Hypothesis / aims of study
Sacral Neuromodulation (SNM) and Percutaneous Tibial Nerve Stimulation (PTNS) have been used in overactive bladder (OAB) patients with multiple sclerosis (MSP) who are refractory to behavior modification and pharmacotherapy, but the data on medium to long-term efficacy and safety of neuromodulation in OAB is very sparse. In addition, most prior studies and review articles have two major flaws: 1) they combine MS with other neurologic conditions, and/or 2) they do not adhere to the ICS definition of OAB in which urinary urgency is the sine qua non for a diagnosis of OAB.
The aim of this systematic review was to assess 1) the efficacy and adverse events of neuromodulation on OAB symptoms in MSP, based on strict inclusion and outcome criteria and 2) the scientific quality of the studies included in the review.
Study design, materials and methods
This was an English-language systematic review of the literature on the efficacy of neuromodulation for overactive bladder in patients with multiple sclerosis. Pubmed and Scopus were searched from 2005 to 2022 using the following search terms – “multiple sclerosis or MS,” “overactive bladder or OAB or overactive urinary bladder,” “neurogenic bladder,” “urinary urgency or urge incontinence or urinary incontinence,” and “detrusor overactivity or neurogenic detrusor overactivity or detrusor instability or neurogenic detrusor instability.” The search results were narrowed down by looking for neuromodulation treatment of OAB symptoms in patients with MS. Non-English language articles, review articles, animal studies, studies on patients with MS with no OAB symptoms, studies on OAB in patients who were not diagnosed with MS or studies that exclude MS patients, and studies on OAB in patients with spinal injury were excluded. Table 1 lists the 6 studies included in this review according to underlying disease and type of treatment.
For the purpose of this study, we evaluated efficacy in two different ways 1) based on the criteria established by the authors of each study (Authors) and 2) criteria established by the authors of this review (Reviewers) which were divided into primary and secondary outcomes. Primary outcomes included metrics that assess the severity of the essential symptoms of OAB – urinary urgency, urge incontinence and/or a validated symptom score that included questions on urgency and/or urge incontinence. If a study failed to assess any of these three criteria, the study was excluded as a measure of OAB efficacy, but could be included in an assessment of secondary OAB outcomes and adverse events. Author’s success was defined by whatever criteria was chosen by the investigators such as a reduction of urge incontinence episodes by 50%. Reviewer’s success is based upon how the results aligned with the methods and success criteria cited above.
Secondary outcome measures are useful from a clinical standpoint, but are not specific measures of OAB treatment efficacy. These include metrics of other OAB symptoms – urinary frequency and nocturia, non-specific LUTS questionnaires, quality of life, bother instruments and effects on physiological parameters such as uroflow (Q), post-void residual urine (PVR) and other urodynamic parameters.
All articles selected for the review were assessed for quality. A quantitative quality assessment tool adapted from Hartmann et al.* was utilized based on two broad sets of criteria: efficacy and safety.
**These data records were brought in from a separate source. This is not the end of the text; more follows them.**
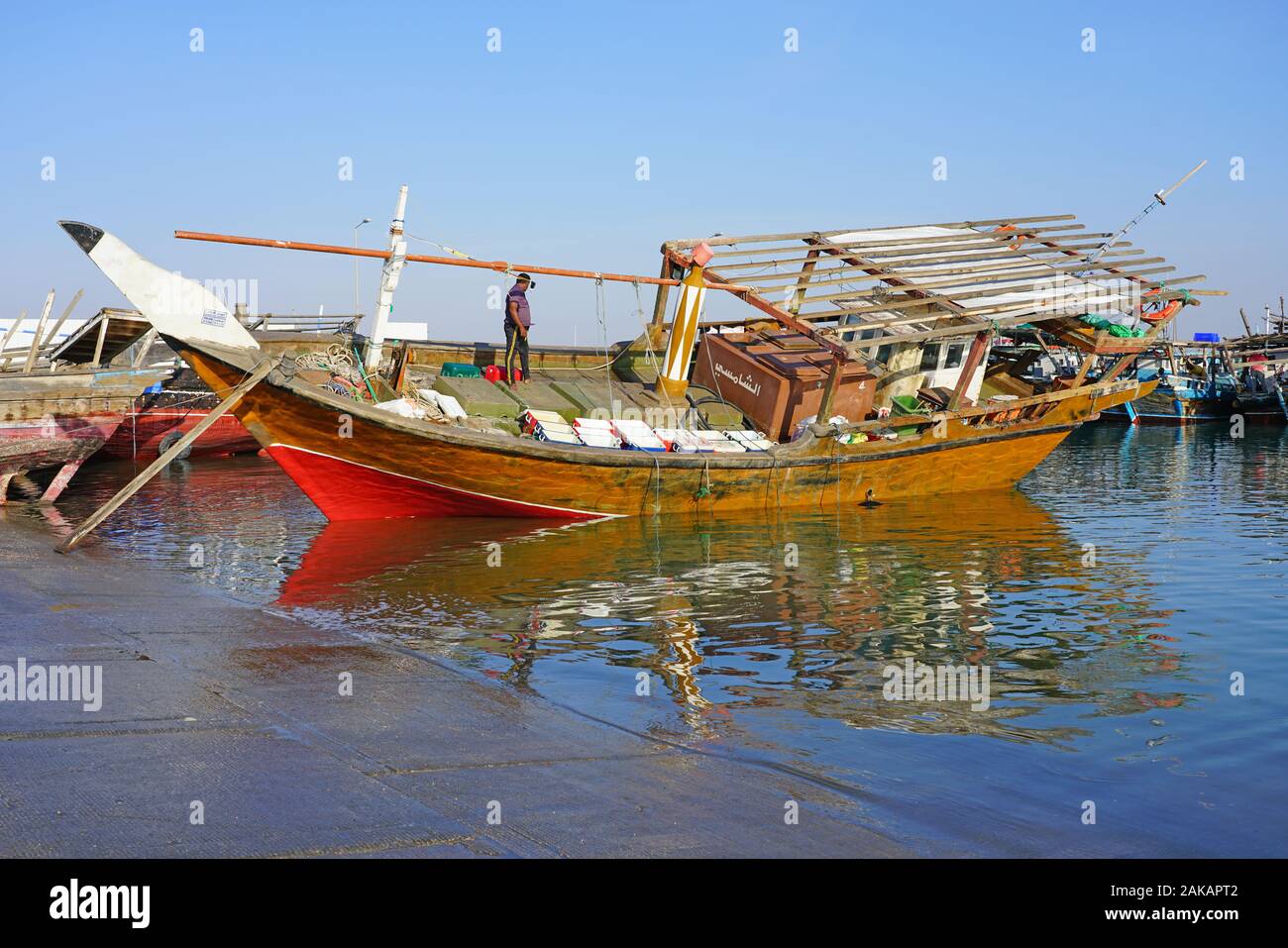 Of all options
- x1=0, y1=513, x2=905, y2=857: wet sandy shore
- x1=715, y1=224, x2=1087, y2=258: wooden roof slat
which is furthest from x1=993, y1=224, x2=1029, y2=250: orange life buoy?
x1=0, y1=513, x2=905, y2=857: wet sandy shore

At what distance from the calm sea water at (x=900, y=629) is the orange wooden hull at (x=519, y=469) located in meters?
0.51

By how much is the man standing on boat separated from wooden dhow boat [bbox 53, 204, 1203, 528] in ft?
1.74

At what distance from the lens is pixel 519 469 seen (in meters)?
17.3

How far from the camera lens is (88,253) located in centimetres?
1443

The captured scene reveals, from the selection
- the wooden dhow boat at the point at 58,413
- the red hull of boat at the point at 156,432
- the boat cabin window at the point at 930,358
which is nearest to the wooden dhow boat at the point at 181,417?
the red hull of boat at the point at 156,432

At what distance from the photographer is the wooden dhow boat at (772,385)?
16062 mm

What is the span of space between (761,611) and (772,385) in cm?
891

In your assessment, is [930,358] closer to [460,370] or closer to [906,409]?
[906,409]

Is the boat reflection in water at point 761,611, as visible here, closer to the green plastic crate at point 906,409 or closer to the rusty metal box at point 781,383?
the rusty metal box at point 781,383

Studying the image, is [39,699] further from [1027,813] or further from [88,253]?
[88,253] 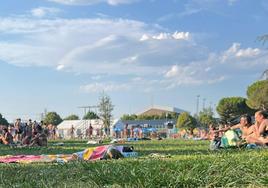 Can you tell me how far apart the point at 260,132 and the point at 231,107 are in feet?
231

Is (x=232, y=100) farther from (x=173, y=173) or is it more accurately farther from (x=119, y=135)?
(x=173, y=173)

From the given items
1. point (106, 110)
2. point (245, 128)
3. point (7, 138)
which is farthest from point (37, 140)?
point (106, 110)

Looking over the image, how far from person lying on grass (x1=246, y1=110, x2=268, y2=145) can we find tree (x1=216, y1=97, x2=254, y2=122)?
67009mm

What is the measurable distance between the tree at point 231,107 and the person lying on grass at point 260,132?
67009 mm

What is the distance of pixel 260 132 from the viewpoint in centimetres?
1590

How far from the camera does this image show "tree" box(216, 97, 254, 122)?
83.6m

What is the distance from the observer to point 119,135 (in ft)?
169

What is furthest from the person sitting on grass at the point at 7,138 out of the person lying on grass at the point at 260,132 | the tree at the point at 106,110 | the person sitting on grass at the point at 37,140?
the tree at the point at 106,110

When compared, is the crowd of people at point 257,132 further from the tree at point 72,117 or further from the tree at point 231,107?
the tree at point 72,117

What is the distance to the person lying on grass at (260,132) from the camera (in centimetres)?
1568

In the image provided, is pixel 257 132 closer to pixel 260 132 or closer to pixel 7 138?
pixel 260 132

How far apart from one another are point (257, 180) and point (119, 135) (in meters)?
45.8

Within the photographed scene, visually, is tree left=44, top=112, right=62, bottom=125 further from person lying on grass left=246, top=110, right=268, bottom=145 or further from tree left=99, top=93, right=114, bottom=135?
person lying on grass left=246, top=110, right=268, bottom=145

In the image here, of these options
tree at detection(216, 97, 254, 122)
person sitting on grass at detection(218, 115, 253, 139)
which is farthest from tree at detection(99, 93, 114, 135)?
person sitting on grass at detection(218, 115, 253, 139) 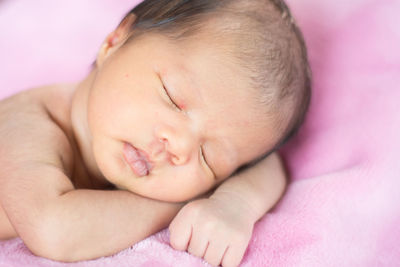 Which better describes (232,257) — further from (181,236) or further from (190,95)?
(190,95)

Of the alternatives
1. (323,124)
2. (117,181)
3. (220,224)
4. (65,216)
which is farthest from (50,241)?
(323,124)

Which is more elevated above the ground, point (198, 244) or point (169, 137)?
point (169, 137)

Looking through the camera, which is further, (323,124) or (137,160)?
(323,124)

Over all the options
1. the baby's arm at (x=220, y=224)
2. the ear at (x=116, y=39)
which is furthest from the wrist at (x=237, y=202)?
the ear at (x=116, y=39)

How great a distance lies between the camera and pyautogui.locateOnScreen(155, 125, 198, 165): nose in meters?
1.07

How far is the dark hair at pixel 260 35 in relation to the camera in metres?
1.13

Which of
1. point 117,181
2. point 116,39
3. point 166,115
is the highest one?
point 116,39

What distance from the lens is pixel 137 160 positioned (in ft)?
3.61

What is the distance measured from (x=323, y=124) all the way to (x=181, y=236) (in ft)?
2.05

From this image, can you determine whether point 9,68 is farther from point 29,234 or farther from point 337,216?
point 337,216

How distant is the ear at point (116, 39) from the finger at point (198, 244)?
1.64 feet

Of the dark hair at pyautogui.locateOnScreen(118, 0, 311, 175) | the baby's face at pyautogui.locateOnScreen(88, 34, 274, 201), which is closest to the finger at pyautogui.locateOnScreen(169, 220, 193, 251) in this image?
the baby's face at pyautogui.locateOnScreen(88, 34, 274, 201)

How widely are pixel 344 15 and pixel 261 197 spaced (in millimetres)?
663

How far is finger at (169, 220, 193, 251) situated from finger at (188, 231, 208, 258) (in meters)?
0.01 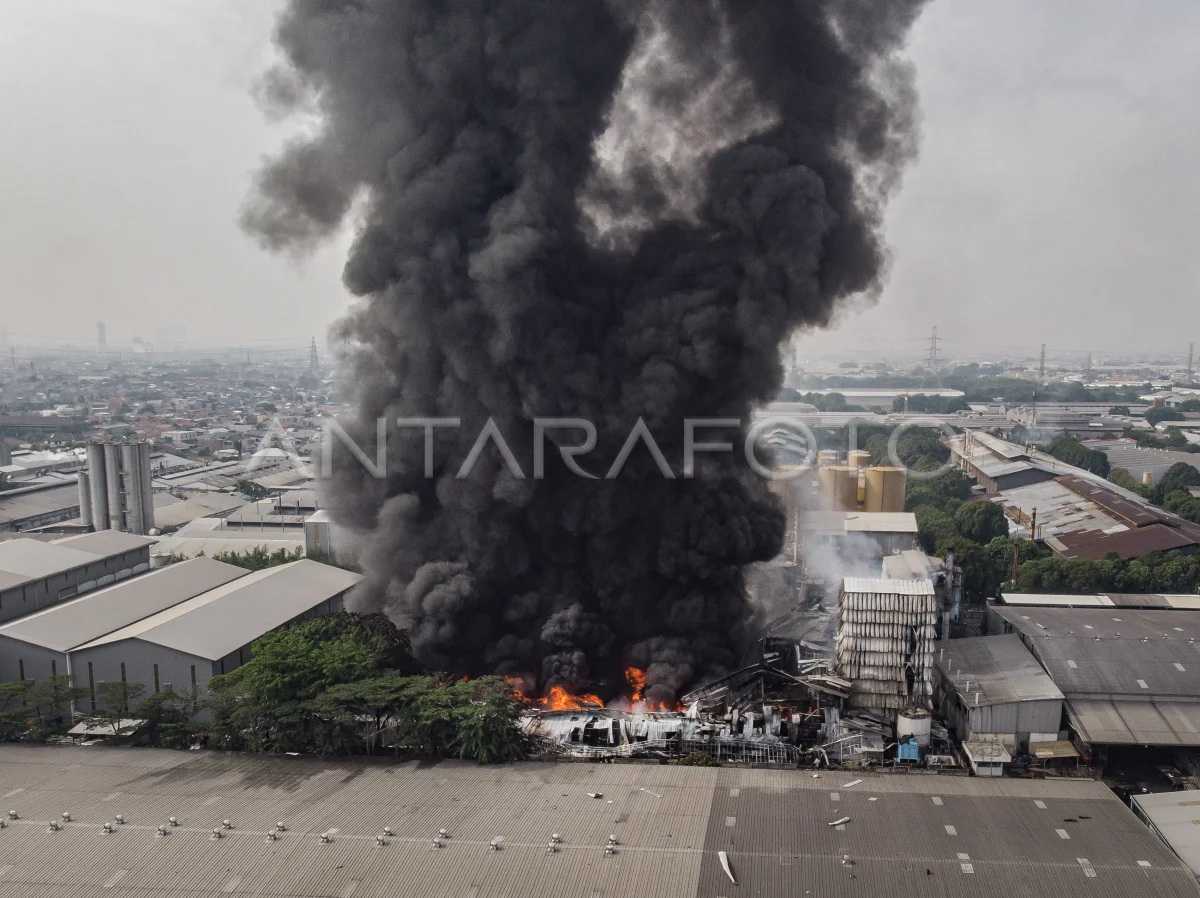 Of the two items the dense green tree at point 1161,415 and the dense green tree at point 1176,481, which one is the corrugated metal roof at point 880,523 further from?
the dense green tree at point 1161,415

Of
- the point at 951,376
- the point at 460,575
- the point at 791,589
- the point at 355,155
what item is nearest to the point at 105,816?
the point at 460,575

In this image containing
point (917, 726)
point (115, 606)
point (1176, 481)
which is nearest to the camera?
Result: point (917, 726)

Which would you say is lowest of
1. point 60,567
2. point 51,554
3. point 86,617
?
point 86,617

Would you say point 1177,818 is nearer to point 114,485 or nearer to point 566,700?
point 566,700

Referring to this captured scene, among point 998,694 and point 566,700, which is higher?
point 998,694

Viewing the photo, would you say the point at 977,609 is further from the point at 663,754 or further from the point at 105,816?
the point at 105,816

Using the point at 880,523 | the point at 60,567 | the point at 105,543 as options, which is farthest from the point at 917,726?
the point at 105,543

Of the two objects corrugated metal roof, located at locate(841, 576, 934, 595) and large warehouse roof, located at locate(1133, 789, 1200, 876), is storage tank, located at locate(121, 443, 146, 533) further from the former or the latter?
large warehouse roof, located at locate(1133, 789, 1200, 876) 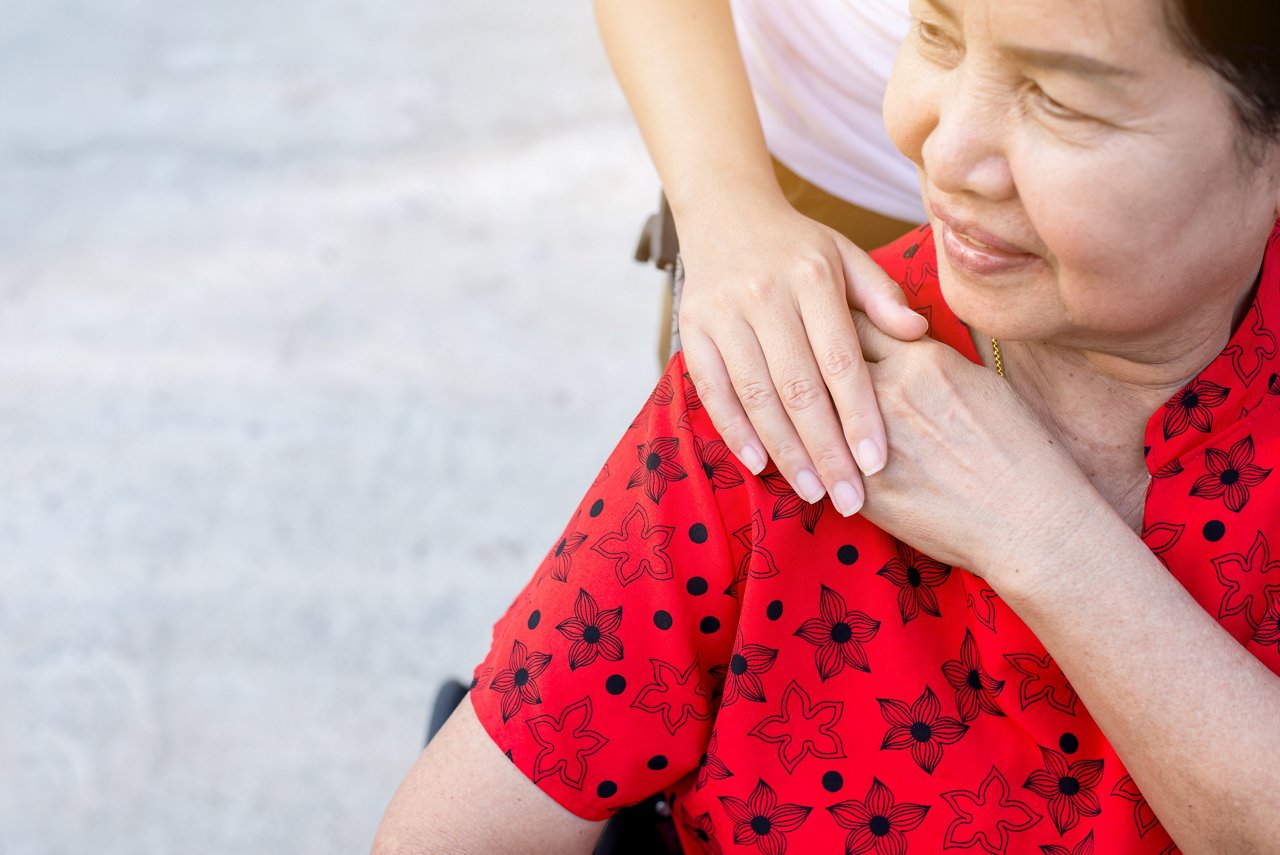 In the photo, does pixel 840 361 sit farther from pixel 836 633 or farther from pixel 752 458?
pixel 836 633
The efficacy score had a range of 0-20 and the safety criteria ranged from 0-16. The higher the score the better was the scientific quality of the study. An efficacy score of less than seven was considered to be scientifically invalid. A safety score of less than eight was considered unacceptable.
Interpretation of results
The most glaring finding of this systematic review was the paucity of studies and the overall poor scientific quality of the studies. Only six of 110 articles met the inclusion criteria and only half of these included sufficient data to permit an assessment of success rate. Furthermore, there were major scientific limitations. None of the studies had a control group and, combining all studies, only 194 total patients were available for review. Furthermore, follow-up was extremely limited – 4 of 6 studies had a follow up of less than 6 months.
On the positive side, all of the included studies were well designed except for the absence of controls, and all measured at least one of the reviewer’s primary outcome measures, i.e. urgency, urge incontinence episodes and/or validated questionnaires. Accordingly, reviewer and author success rates were identical, ranging from 62 – 83%, so it appears that neuromodulation has, at least some short term effects on relieving OAB symptoms, but the data does not provide enough support for any long-term conclusions. Nevertheless, neuromodulation was deemed to be safe, with minimal adverse events reported, from 14 to 31%.